Stocks surge as tensions ease in Ukraine
Relieved investors sent stocks sharply higher Tuesday after Russia pulled troops back from the border of Ukraine. The rally erased steep losses from Monday caused by fears of an escalating conflict.
KEEPING SCORE: The S&P 500 index was up 28 points, or 1.5 percent, at 1,873 as of 3:55 p.m. Eastern time Tuesday. It was the biggest gain for the benchmark index since October.
The Dow Jones industrial average rose 224 points, or 1.4 percent, to 16,392. The Nasdaq composite rose 74 points, or 1.7 percent, to 4,351.
RISING TIDE: The gains were extraordinarily broad. Five stocks rose for every one that fell on the New York Stock Exchange. All 10 industry sectors in the S&P 500 average rose.
RELIEF RALLY: The volatility comes after the S&P 500 closed at a record high on Friday, then posted its biggest decline in a month on Monday. That has left investors trying to figure out whether stocks are overvalued or whether they reflect an improving economy.
WHAT'S AN INVESTOR TO DO? "I think maybe you take a powder. Maybe take some positions off the table, and you hedge yourself a little but, for the chance that if it does go the other way and there is a downturn," said Stephen J. Carl, head equity trader at The Williams Capital Group.
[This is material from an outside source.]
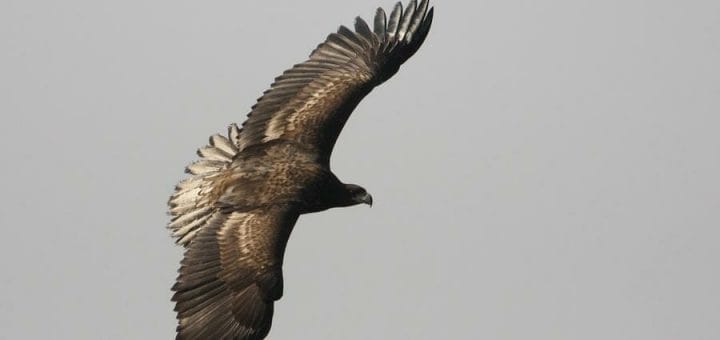 White-tailed Eagle in flight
GOING FOR RISK: Bond and gold prices fell as traders moved money out of safe-play assets. The yield on the 10-year Treasury note rose to 2.68 percent from 2.60 percent late Monday. In another sign that investors were embracing risk, small-company stocks rose more sharply than the rest of the market. The Russell 2000 index of small stocks surged 33 points, or 2.9 percent, to 1,210.
ENERGY PRICES: Oil prices also fell as the immediate threat of economic sanctions on Russia, a major oil exporter, eased. Traders had also been worried about transportation disruptions in the Black Sea, a major transit point for oil.
WORLD MARKETS: Stock markets in Europe, including Moscow, and Asia recouped much of Monday's losses. Indexes in France and Germany each rose 2.5 percent, and the FTSE 100 in Britain rose 1.7 percent.
THE SHACK PARES BACK: RadioShack Corp. plunged 48 cents, or 18 percent, to $2.24 after reporting a wider quarterly loss and saying it will close as many as 1,100 stores.
BUYBACK BOUNCE: Chipmaker Qualcomm rose $3.10, or 4 percent, to $76.73 after announcing a 20 percent increase in its quarterly dividend and adding $5 billion to its stock buyback program. Buybacks generally benefit shareholders because they increase the value of remaining shares.
PENNEY GAINS: J.C. Penney Co. rose 54 cents, or 7 percent, to $8.50 after Standard & Poor's raised its outlook on the retailer's debt, saying Penney's performance "has begun to stabilize." Last week Penney posted its first gain in two years at stores open at least a year.
DELTA TAKES OFF: Delta Air Lines rose $1.63, or 5 percent, to $34.22 after reporting strong February domestic demand and passenger revenue.